Raid 0 1TB SSD :cool:

OCZ Demos 1 TB RAID0 Solid-State Drive with Unbelievable Transfer Speeds

Who would of guessed that exactly OCZ will be able to achieve the unachieveble. At CeBIT the famous overclocking memory and peripherals maker has demoed Z Drive, a PCI-Express x8 connection storage device that boasts four 256 GB (MLC-equipped) solid-state drives in RAID 0 setup. In total we get 1 TB space and 256 MB of data cache. Put this into a system with a Core i7 965 EE CPU and an ASUS P6T motherboard, get some external power for the drives, and you'll easily reach transfer speeds at up to 712 MB/s read, 500 MB/s write as well as almost zero access time, a dream come true. Now the bad news, the Z Drive is obviously going to cost a lot, about $1500 to be more precise.

http://www.techpowerup.com/86997/OCZ_Demos_1_TB_RAID0_Solid-State_Drive_with_Unbelievable_Transfer_Speeds.html

Posted

It'd be pointless to have that much speed for a music server, tho. You're not going to push that much bandwidth for any music task. I use it for weather prediction :)

Posted

Watching Bluray disk rips while downloading full speed off of a fibre channel network with a gigabit ethernet card wouldn't even touch that speed. What would you use that for that could make it a possible bottleneck? I love it.

Posted
Watching Bluray disk rips while downloading full speed off of a fibre channel network with a gigabit ethernet card wouldn't even touch that speed. What would you use that for that could make it a possible bottleneck? I love it.

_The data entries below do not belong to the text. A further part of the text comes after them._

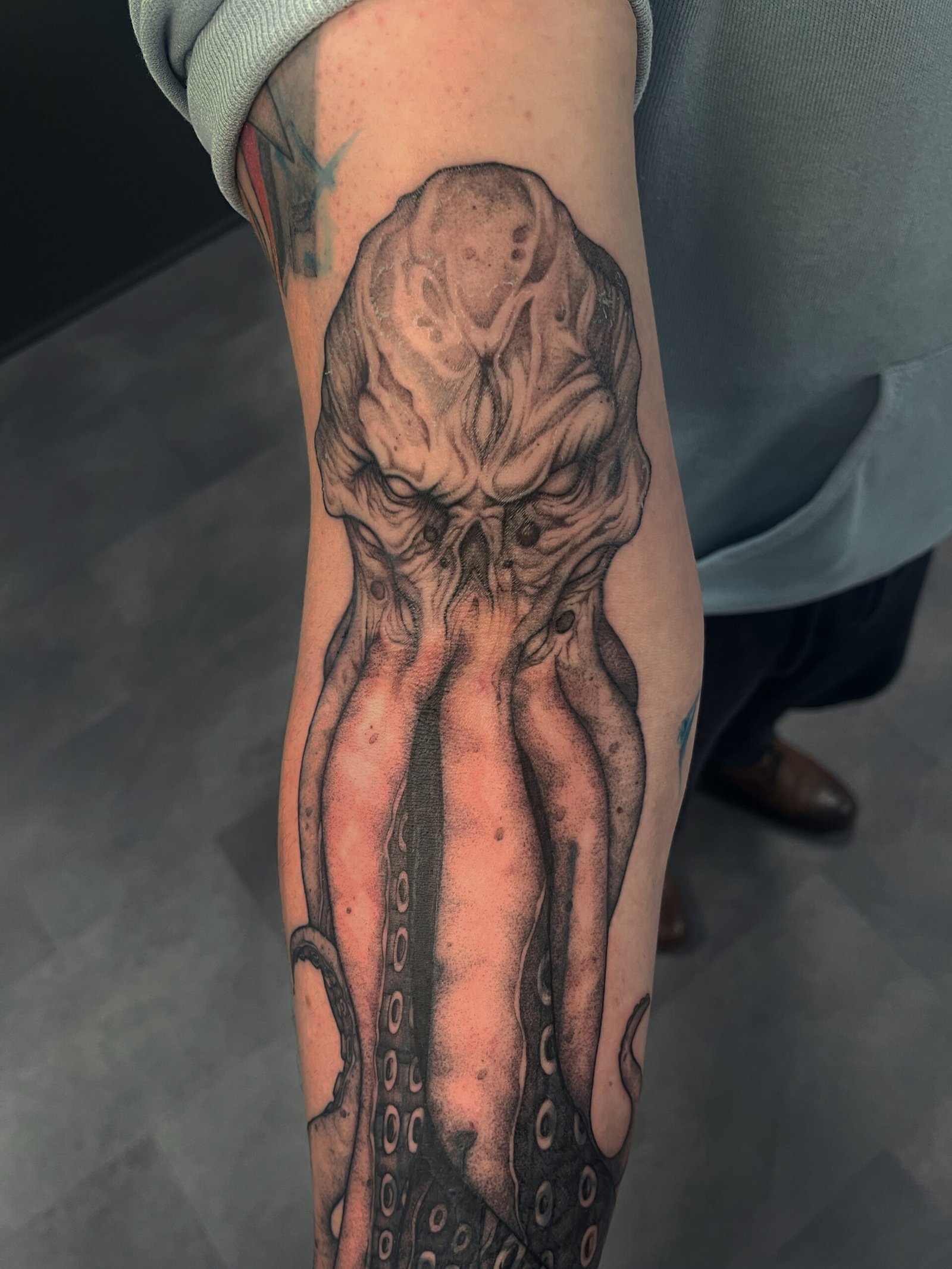 Cthulu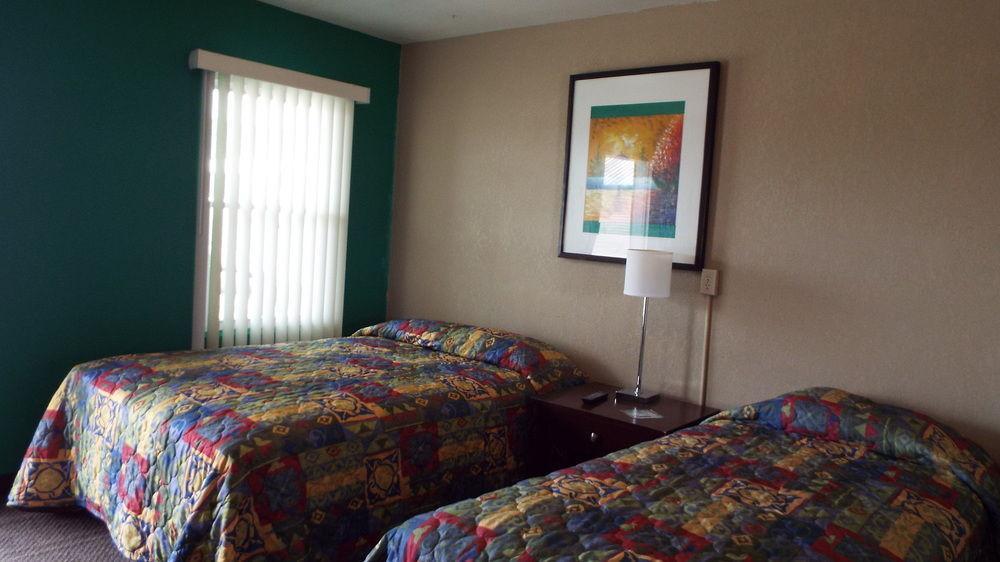 Modern Motel Vinton ภายนอก รูปภาพ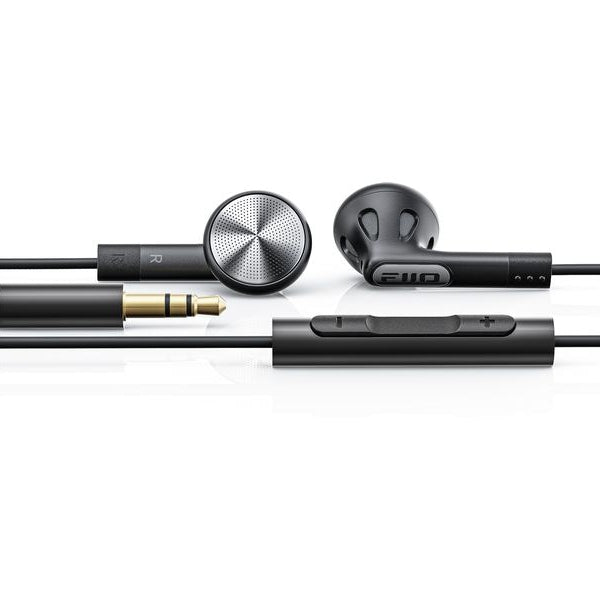 FiiO In-Ear-Kopfhörer FF1 Schwarz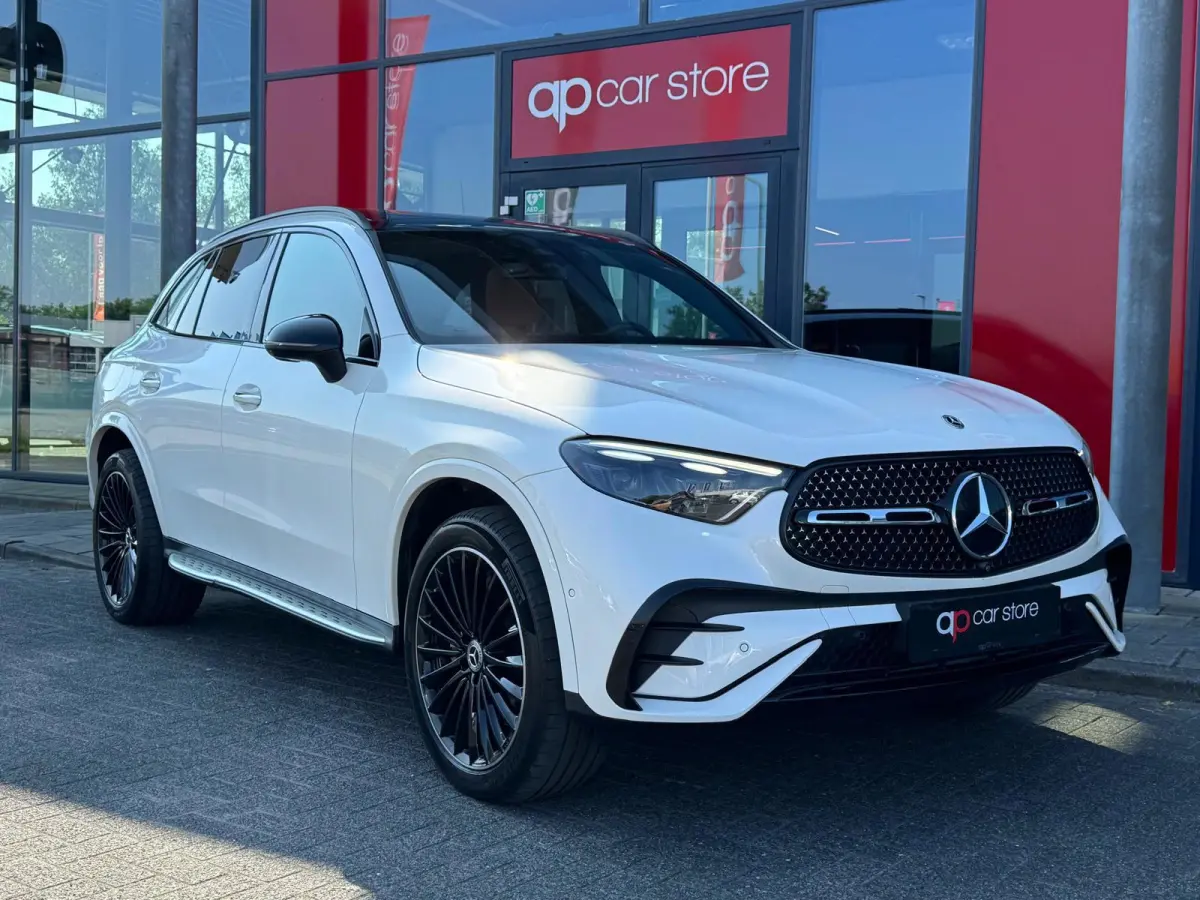 400e 4MATIC AMG Line /Pano Full spec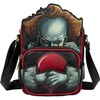 image:imageLoungefly Warner Bros It Pennywise Crossbuddies Bag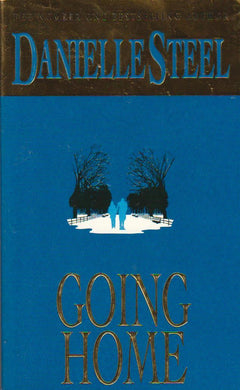 Going home Danielle Steel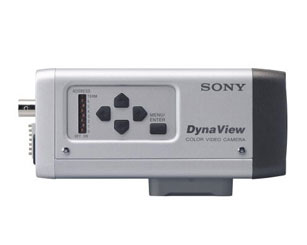 SONY SSC-DC413P_索尼槍機(jī)模擬視頻監(jiān)控?cái)z像機(jī)SONY SSC-DC413P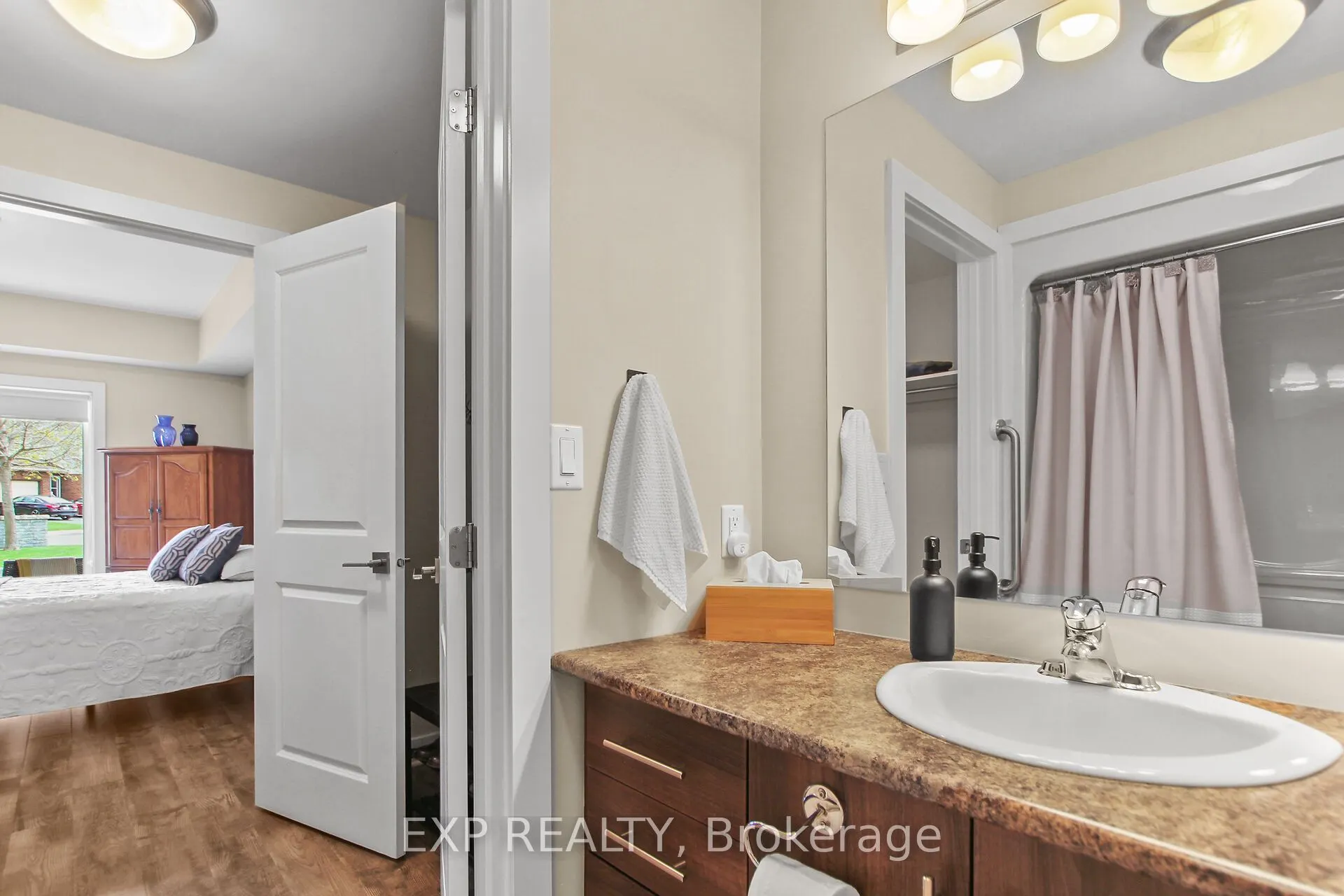 100 Jamieson Street, #103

Can we save this post to remember in another ten years and have a good laugh? :P

Posted

The thought occurs that you wouldn't be able to use the sucker as a boot drive. Unless theres some sort of hax or it connects to SATA as an option.

Posted
Can we save this post to remember in another ten years and have a good laugh? :P

Yes, I deserve it, epic fail. I should know that a theoretical Gb/sec is more then 500 mb/sec.

Posted
disk io is definitely a bottleneck for me on the above referenced system

I'm actually sort of surprised by this grawk. Is the model really that data intensive that disk access is a problem or do the researchers do something stupid like write every time step? I mean if you're writing to disk you're screwed as far at simulation throughput.